Exercise prompt = Retype, character for character, the line containing "バルコニーの手すり越しからは" along with each line after it through the end of the data, and only those.

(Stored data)
= Beginning of Section =
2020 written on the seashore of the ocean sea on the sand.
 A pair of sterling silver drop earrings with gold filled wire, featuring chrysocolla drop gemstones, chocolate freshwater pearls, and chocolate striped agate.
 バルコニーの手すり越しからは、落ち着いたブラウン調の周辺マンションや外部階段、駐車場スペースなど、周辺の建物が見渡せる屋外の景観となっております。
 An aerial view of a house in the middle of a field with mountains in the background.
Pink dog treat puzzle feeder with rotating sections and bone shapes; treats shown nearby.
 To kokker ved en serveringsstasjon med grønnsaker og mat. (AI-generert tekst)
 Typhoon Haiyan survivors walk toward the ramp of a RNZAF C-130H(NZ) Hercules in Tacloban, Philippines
= End of Section =
Task response =
 バルコニーの手すり越しからは、落ち着いたブラウン調の周辺マンションや外部階段、駐車場スペースなど、周辺の建物が見渡せる屋外の景観となっております。
 An aerial view of a house in the middle of a field with mountains in the background.
Pink dog treat puzzle feeder with rotating sections and bone shapes; treats shown nearby.
 To kokker ved en serveringsstasjon med grønnsaker og mat. (AI-generert tekst)
 Typhoon Haiyan survivors walk toward the ramp of a RNZAF C-130H(NZ) Hercules in Tacloban, Philippines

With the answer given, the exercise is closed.